Inadvisable, inopportune

In principle, there can be no objection to Pakistan’s instituting measures to resume dialogue with India for the simple reason that there can hardly be a better way of sorting contentious issues out between any two states, more particularly between neighbouring countries, which have failed to resolve them with the force of arms. Besides, inter-regional harmony to which talks with India should contribute and economic and commercial ties have proven to be of great benefit to the parties involved in recording quicker progress and alleviating poverty of their masses, an important factor for a developing country like Pakistan.
Nevertheless, with the painful backlog of Pak-India history, to which New Delhi has continued, deliberately and provocatively, to add vitiating substances, any move to develop normal relations with it has to be taken with due caution. Incomprehensibly, however, Prime Minister Nawaz Sharif is showing no signs of restraint in putting relations with India on an even keel, giving the impression of an unbecoming desperation. In a meeting with the visiting British Foreign Secretary William Hague on Thursday, he apprised him that backdoor diplomacy with India had been revived. One would have preferred, though, that the Prime Minister adopted the normal channel of diplomatic contacts, instead. Simply because it is inadvisable to hold secret talks with a country, which has gone back on its solemn commitments made at no less a forum than the UN Security Council. Backdoor diplomacy is conducted beyond the glare of media and hence public knowledge and will make it easier for India to renege on any promises it makes.
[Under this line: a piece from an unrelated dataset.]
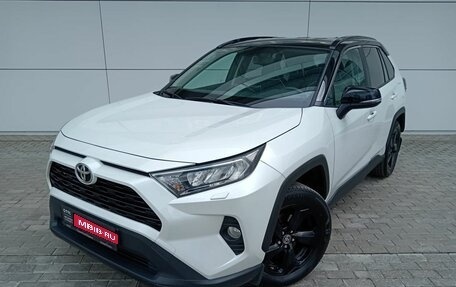 Toyota RAV4, 2021 год, 4 150 000 рублей, 1 фотография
However, while holding talks through backdoor diplomacy or open diplomatic channels, Pakistan must not lose sight of certain realities on the ground. India’s unabated persecution of the hapless people of Kashmir whose only fault is that they demand the right of self-determination to decide whether they wish to join Pakistan or India, in line with the UN resolutions India itself sponsored.. Last Wednesday, its security forces shot dead six unarmed Kashmiris for protesting against raiding a mosque and killing its imam. India’s refusal to resolve the dispute cannot be taken lightly. It has been made more complicated by water diversion to irrigate Indian lands, posing existential threat to Pakistan. Kashmir must constitute an integral part of negotiations and concrete progress towards its resolution assured before normalising relations with India.